DMP: Predicting Road Traffic Accident Severity Using Machine Learning
Creators
Description
Road Traffic Accident Severity Prediction
Context and Methodology
This dataset is used in a machine learning project focused on predicting road traffic accident severity. The research domain is data science and transportation safety analysis.
The purpose of this dataset is to train and evaluate a classification model that predicts whether an accident is Slight, Serious, or Fatal based on accident conditions.
The dataset is not newly collected. It is reused from an open data source (EU Open Data Portal). The project involves:
- downloading the dataset
- cleaning and preprocessing the data
- encoding categorical variables
- splitting the data into training, validation, and test sets
- training a machine learning model (Random Forest)

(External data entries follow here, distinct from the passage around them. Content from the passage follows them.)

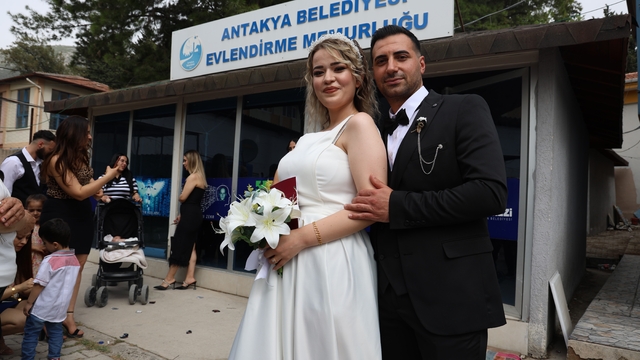 27 bin 20 depremzede çift evlilik kredisiyle yuvasını kurdu
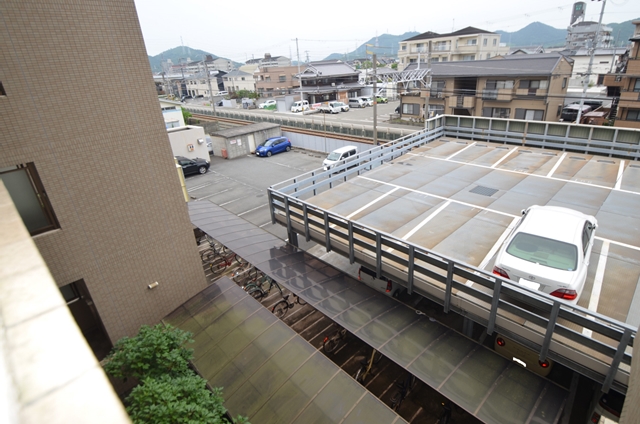 駐車場　立体駐車場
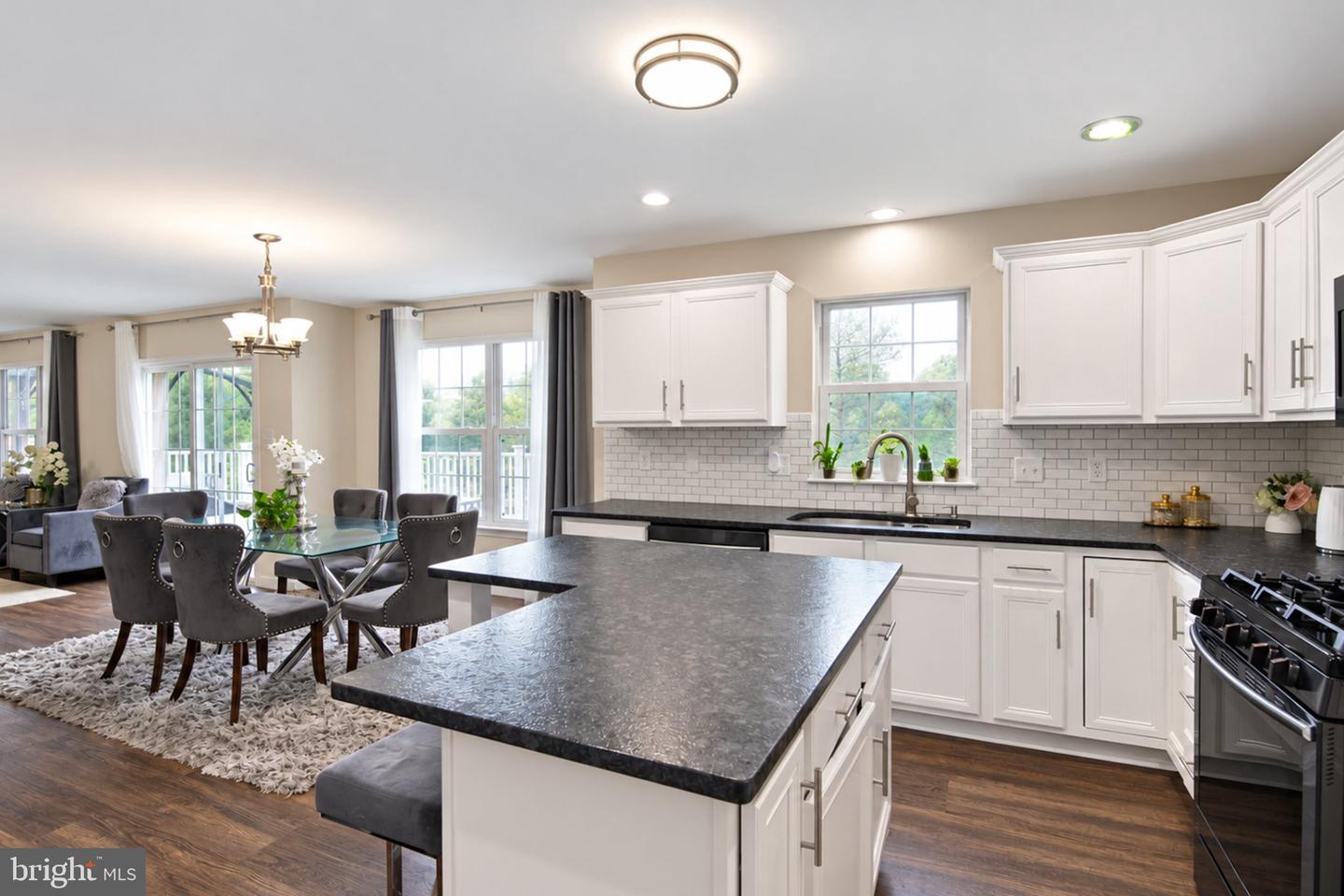 7 Josephs Way Property Photo 18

Additional datasets are created during the project, including cleaned data, model outputs, and evaluation results.
Technical Details
The dataset is structured in a clear project folder:
data/raw
data/processed
src
outputs
models
Files include:
- raw dataset (CSV): original downloaded file
- processed dataset (CSV): cleaned and encoded data
- train/validation/test splits (CSV): dataset split into 70/15/15
- predictions (CSV): model predictions
- plots (PNG): histograms, confusion matrix, feature importance
- model file (PKL): trained machine learning model
- source code (PY, IPYNB): scripts and notebook
Naming convention:
Software requirements:
To use this dataset, the following tools are needed:
- Python 3
- pandas
- scikit-learn
- matplotlib
All tools are open source.
Additional resources:
- source code for preprocessing and training
- Jupyter notebook for exploration
- README file explaining the workflow
- data dictionary (column meanings)
Further Details
The dataset contains no personal or sensitive data. All records describe accident events only.
Important points for reuse:
- The dataset is imbalanced (many Fatal accidents, fewer Slight ones), which affects model performance
- Categorical variables are encoded using one-hot encoding
- Random processes (e.g., dataset split) use a fixed seed (
random_state=42) to ensure reproducibility
The original dataset is publicly available and can be reused under its open data license.